* To do
Extract the text of each entry below exactly, leaving every image behind.

# # # # #

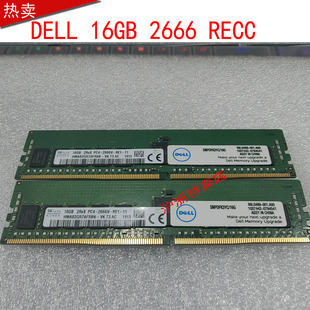 R740 R740XD R440 DELL 2666V R640 R540服务器内存16G 原装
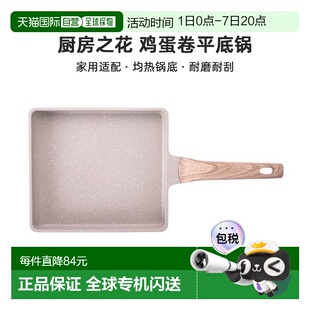 韩国直邮kitchenflower厨房之花cookin鸡蛋卷平底锅电磁炉23cm NY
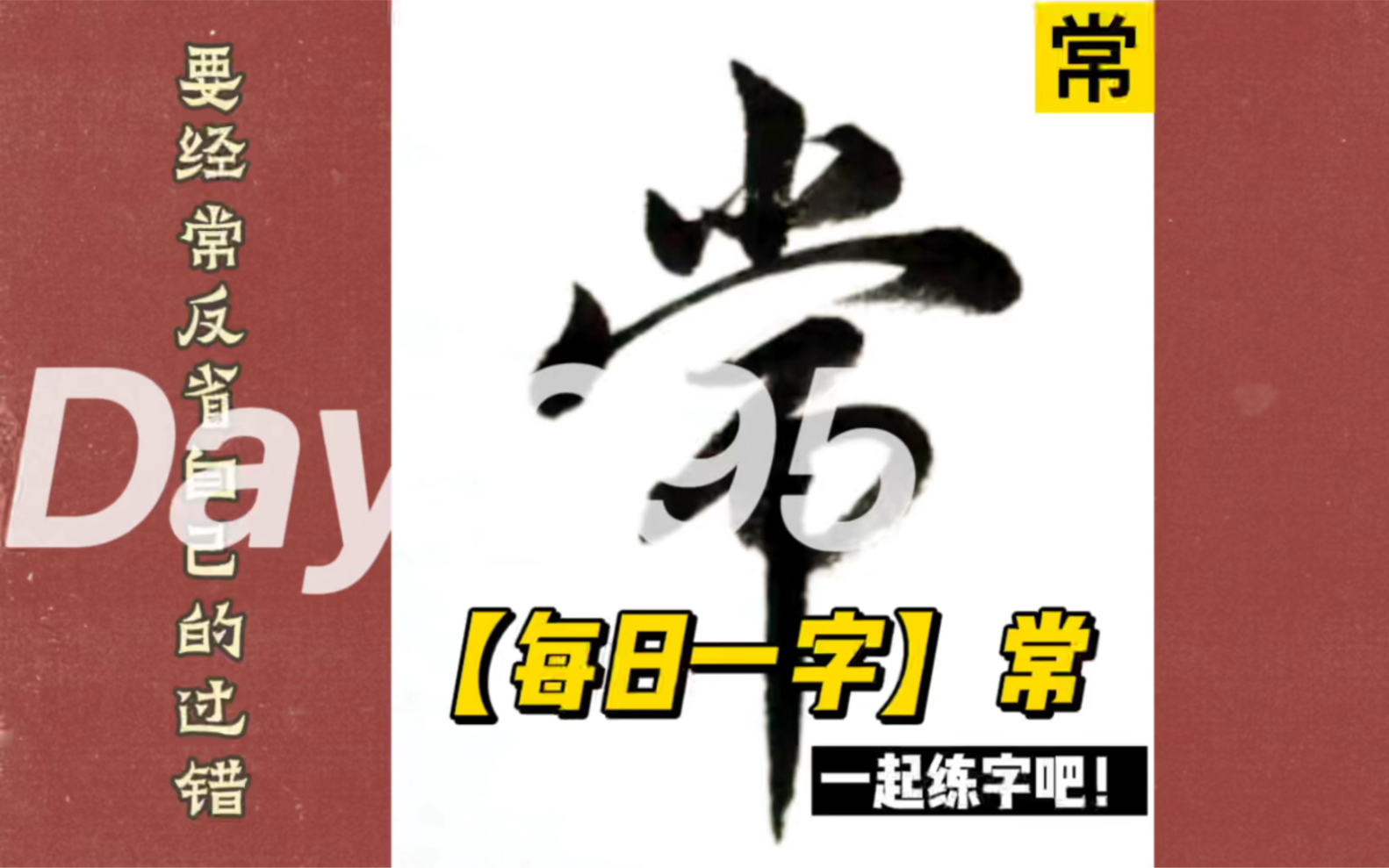 每日一字格言常静坐常思己过闲谈莫论人非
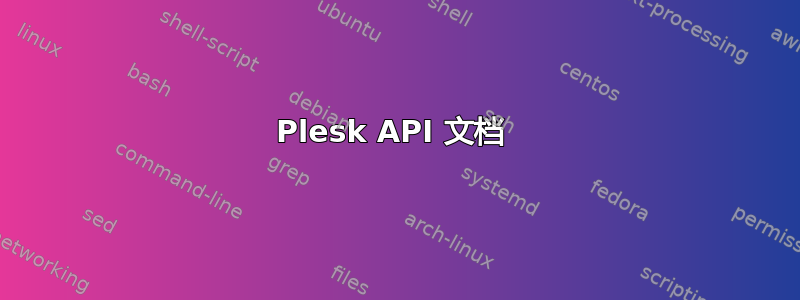 Plesk API 文档 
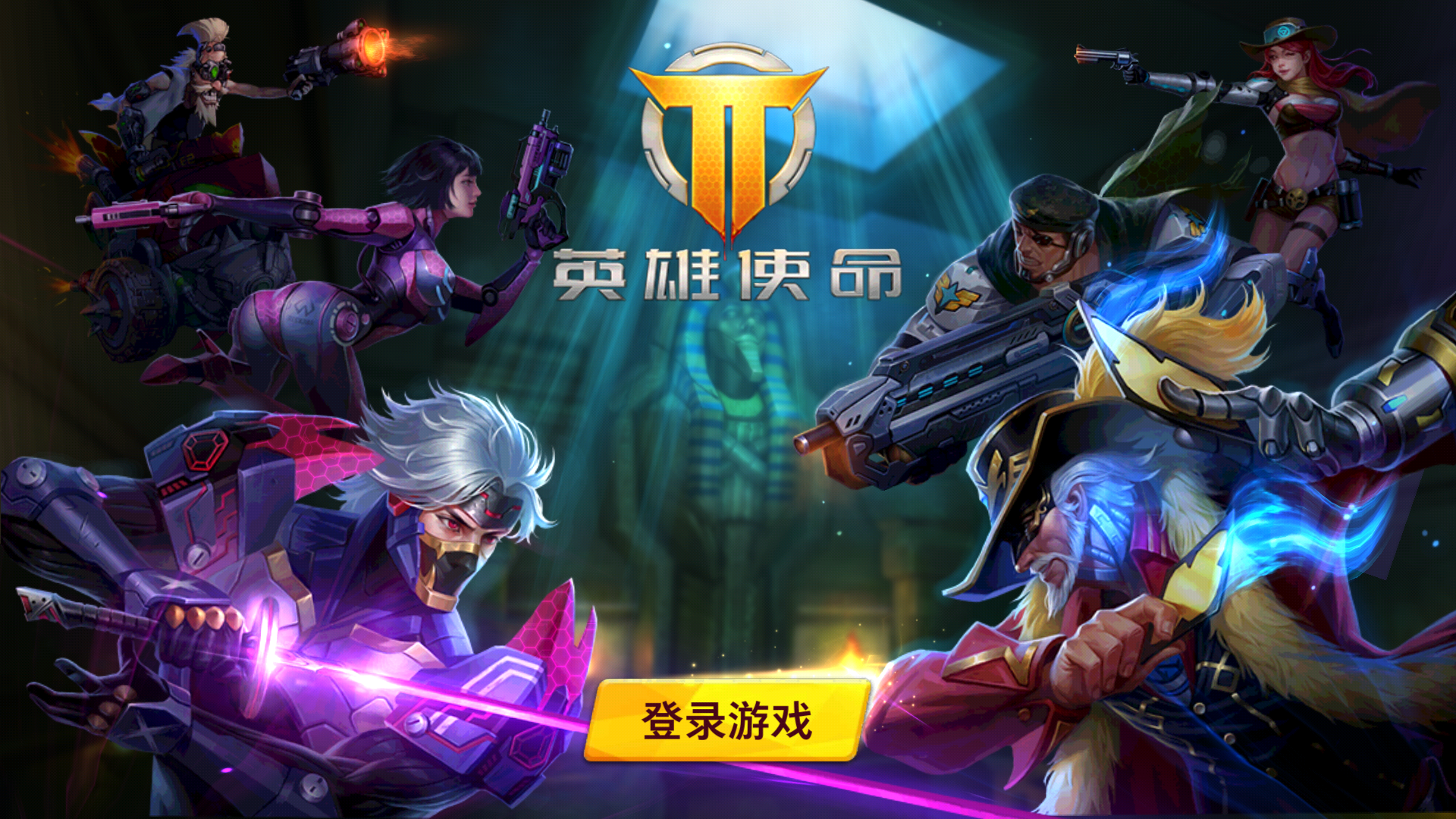 支持我的观点的基本证据 - 枪神对决(体验服)综合 | taptap 枪神对决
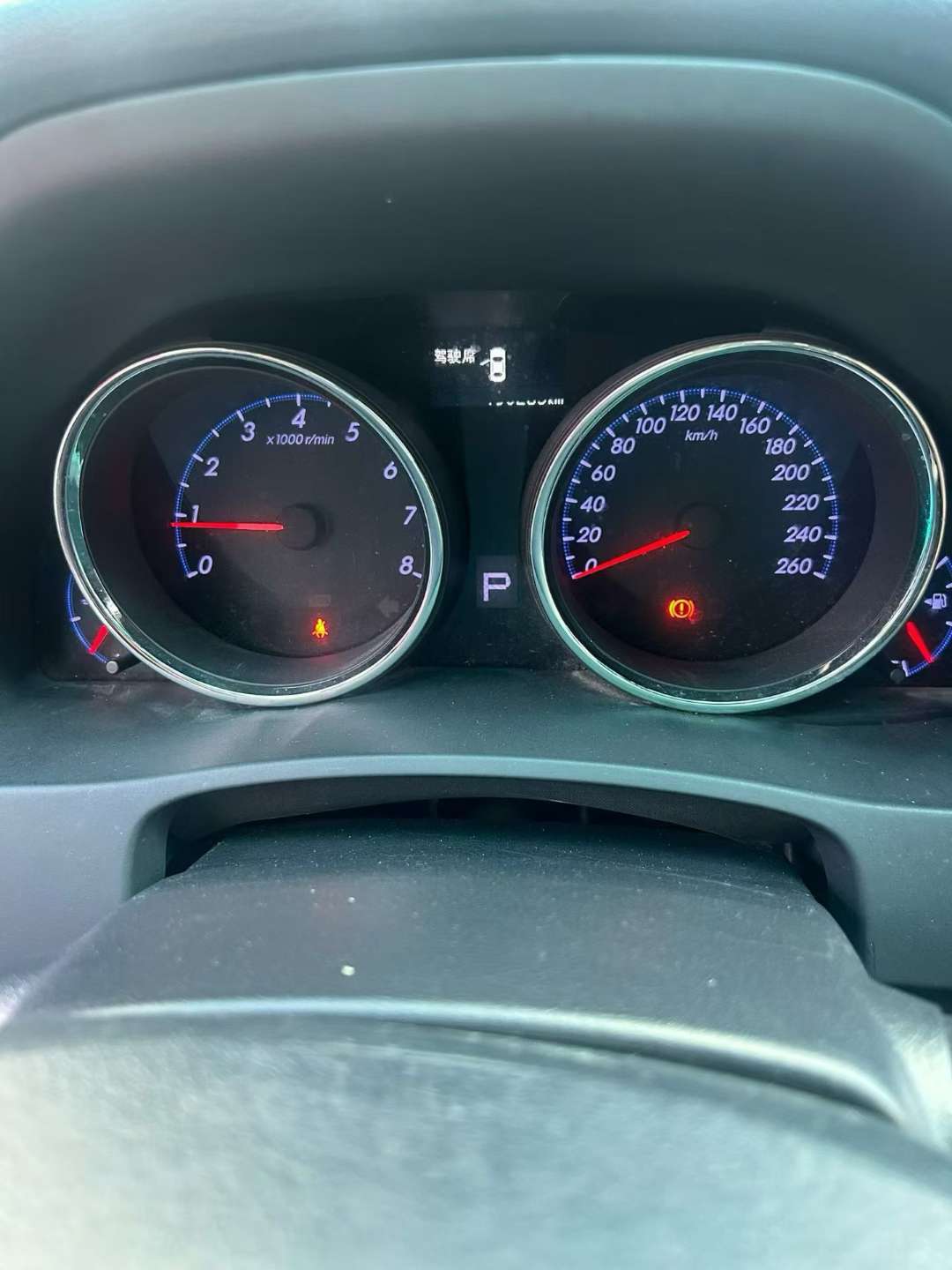 Toyota Reiz 5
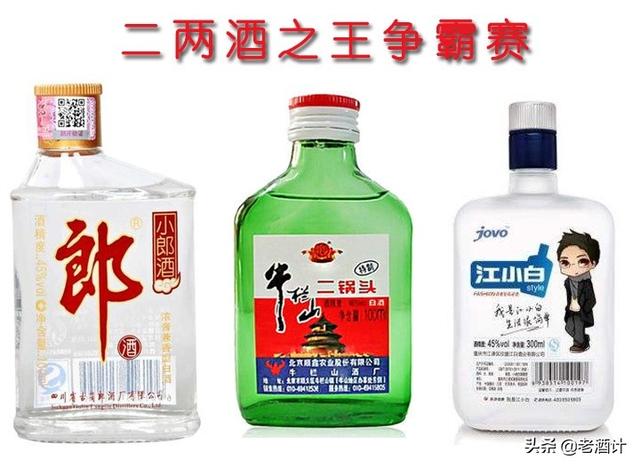 江小白、小郎酒和二鍋頭，誰(shuí)才是二兩酒之王？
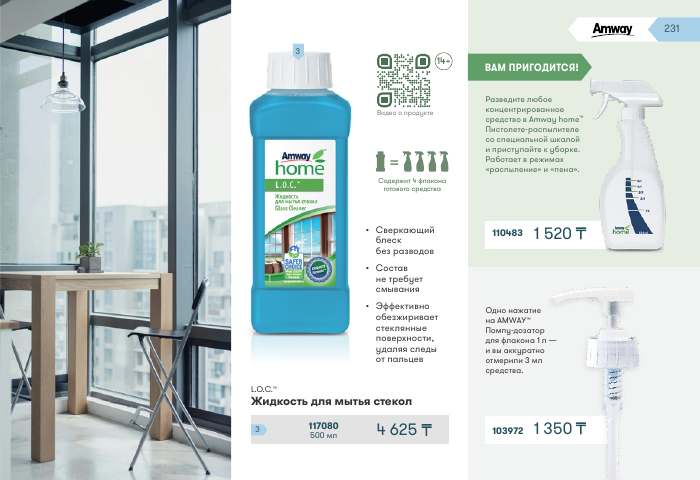 Amway Home™ — страница каталога 231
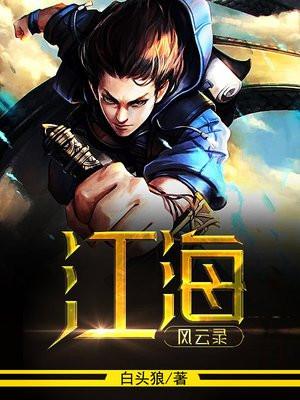 江海风云录 江海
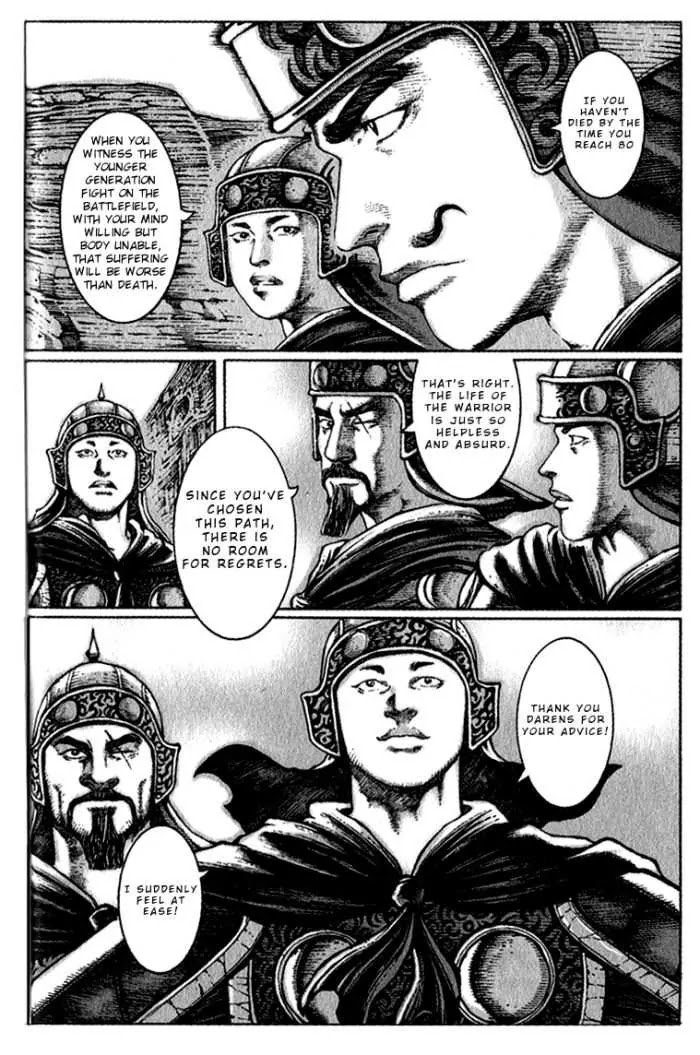 The Ravages of Time Chapter 33 page 6 - Chapter 33: The Experience of the Warrior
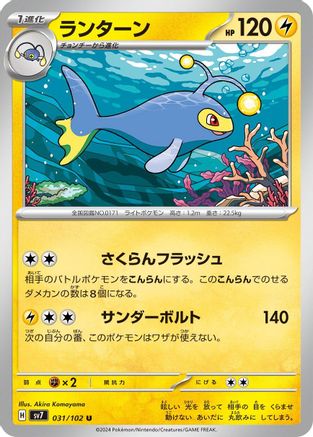Lanturn (031/102) [SV7: Stellar Miracle]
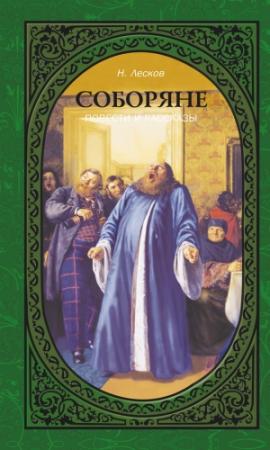 Обложка книги «Соборяне. Повести и рассказы» — Николай Лесков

# # # # #

* Response area
 R740 R740XD R440 DELL 2666V R640 R540服务器内存16G 原装
 韩国直邮kitchenflower厨房之花cookin鸡蛋卷平底锅电磁炉23cm NY
 每日一字格言常静坐常思己过闲谈莫论人非
 Plesk API 文档 
 支持我的观点的基本证据 - 枪神对决(体验服)综合 | taptap 枪神对决
 Toyota Reiz 5
 江小白、小郎酒和二鍋頭，誰(shuí)才是二兩酒之王？
 Amway Home™ — страница каталога 231
 江海风云录 江海
 The Ravages of Time Chapter 33 page 6 - Chapter 33: The Experience of the Warrior
Lanturn (031/102) [SV7: Stellar Miracle]
 Обложка книги «Соборяне. Повести и рассказы» — Николай Лесков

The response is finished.